In the BG/NBD model, the frequency of customer purchases is modelled as the time of each purchase has an instantaneous probability of occurrence (hazard) and, at every purchase, a probability of “dropout”, i.e. no longer being a customer.

Customer-specific data needed for statistical inference include 1) the total number of purchases (\(x\)) and 2) the time of the last, i.e. xth, purchase. The omission of purchase times \(t_1, ..., t_x\) is due to a telescoping sum in the exponential function of the joint likelihood; see Section 4.1 of [1] for more details.

Methods below are adapted from the BetaGeoFitter class from the lifetimes package (see CamDavidsonPilon/lifetimes).

Parameters:
  • data (pd.DataFrame) –

    DataFrame containing the following columns:
    • frequency: number of repeat purchases (with possible values 0, 1, 2, …)
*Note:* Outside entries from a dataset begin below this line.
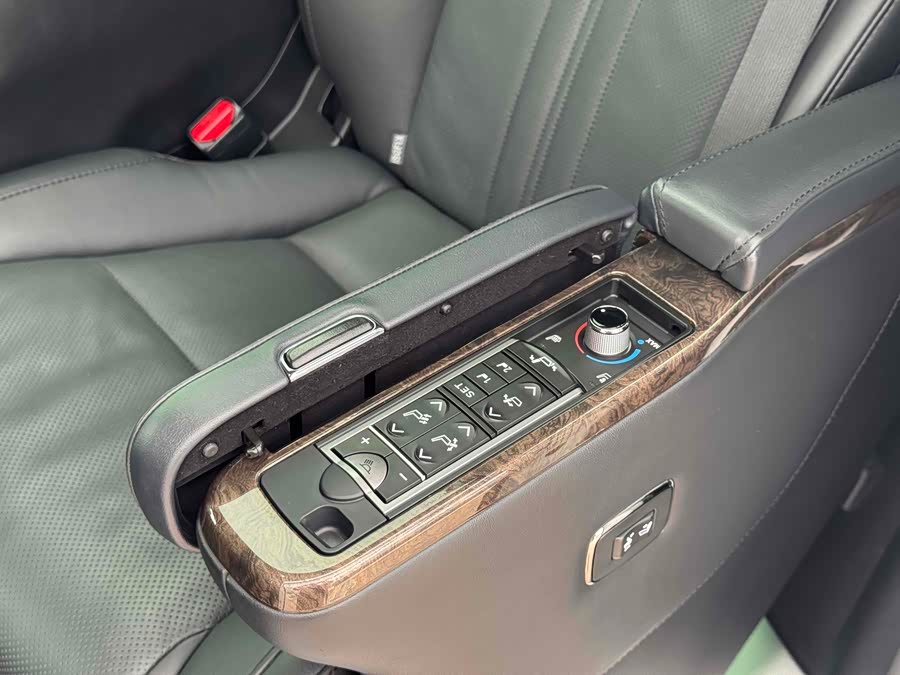 Toyota Alphard 2019 #12 Toyota Alphard 2019 car image #12
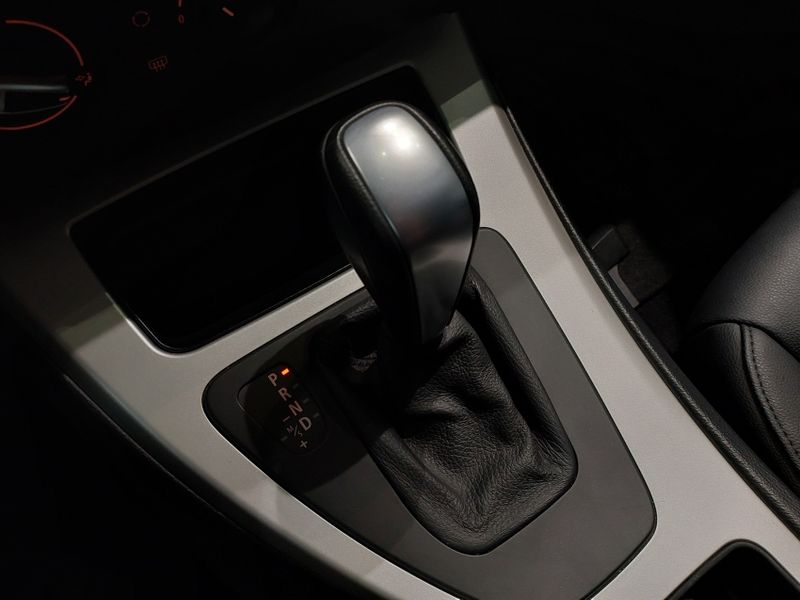 BMW 318i 2.0 SEDAN 16V GASOLINA 4P AUTOMÁTICO 2011/2012 BETIOLO NOVOS E SEMINOVOS LAJEADO / Carros no Vale BMW 318i 2.0 SEDAN 16V GASOLINA 4P AUTOMÁTICO 2011/2012 BETIOLO NOVOS E SEMINOVOS LAJEADO / Carros no Vale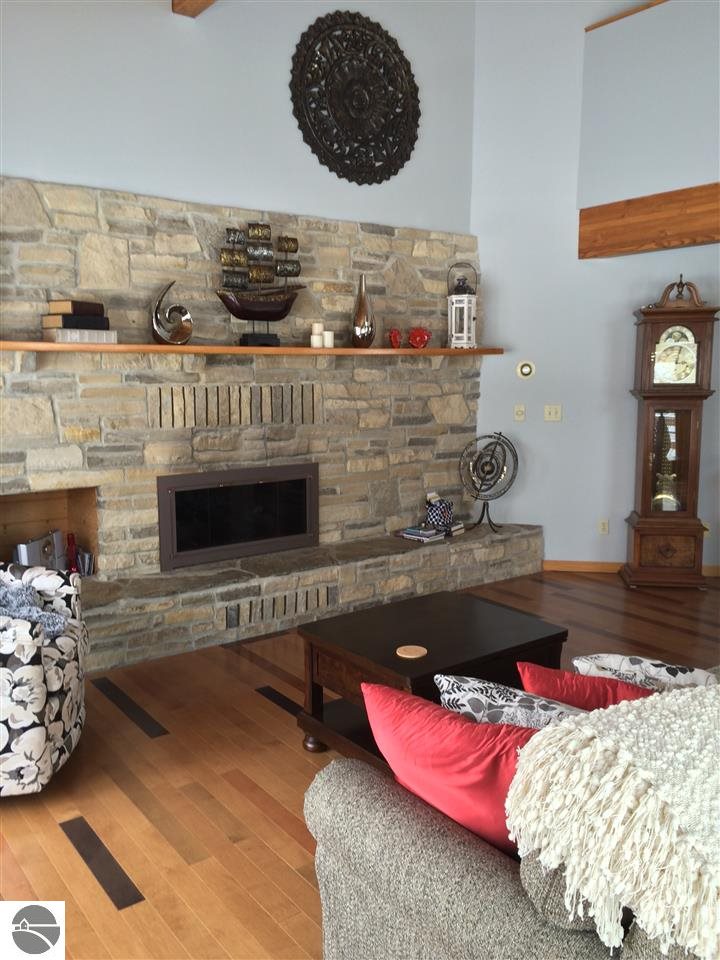 806 Holly Road Cadillac, MI 49601 - Photo 5 of 23 1793479-4.JPG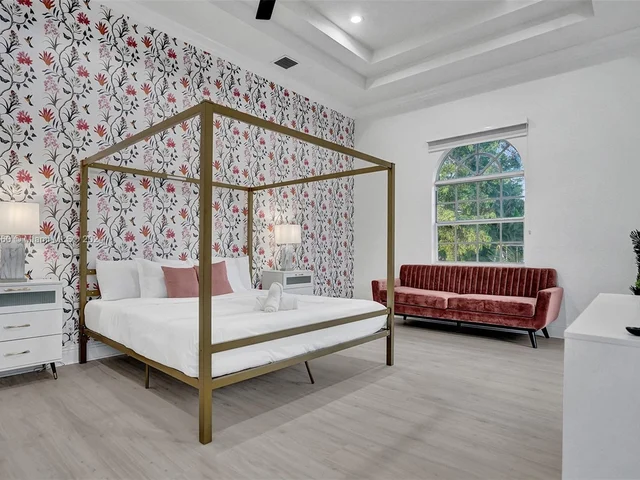 13751 Pine Meadow Ct, Davie FL 33325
    • recency: time between the first and the last purchase (with possible values 0, 1, 2, …)

    • T: time between the first purchase and the end of the observation

      period (with possible values 0, 1, 2, …)

    • customer_id: unique customer identifier

  • model_config (dict, optional) – Dictionary of model prior parameters. If not provided, the model will use default priors specified in the default_model_config class attribute.

  • sampler_config (dict, optional) – Dictionary of sampler parameters. Defaults to None.

Examples

BG/NBD model for customer

import pandas as pd

import pymc as pm
from pymc_marketing.clv import BetaGeoModel

data = pd.DataFrame({
    "frequency": [4, 0, 6, 3],
    "recency": [30.73, 1.72, 0., 0.],
    "T": [38.86, 38.86, 38.86, 38.86],
})
data["customer_id"] = data.index

prior_distribution = {"dist": "Gamma", "kwargs": {"alpha": 0.1, "beta": 0.1}}
model = BetaGeoModel(
    data=data,
    model_config={
        "r_prior": prior_distribution,
        "alpha_prior": prior_distribution,
        "a_prior": prior_distribution,
        "b_prior": prior_distribution,
    },
    sampler_config={
        "draws": 1000,
        "tune": 1000,
        "chains": 2,
        "cores": 2,
    },
)
model.build_model()
model.fit()
print(model.fit_summary())

# Estimating the expected number of purchases for a randomly chosen
# individual in a future time period of length t
expected_num_purchases = model.expected_num_purchases(
    t=[2, 5, 7, 10],
)

# Predicting the customer-specific number of purchases for a future
# time interval of length t given their previous frequency and recency
expected_num_purchases_new_customer = model.expected_num_purchases_new_customer(
    t=[5, 5, 5, 5],
    frequency=[5, 2, 1, 8],
    recency=[7, 4, 2.5, 11],
    T=[10, 8, 10, 22],
)

References

Methods

BetaGeoModel.__init__(data[, model_config, ...])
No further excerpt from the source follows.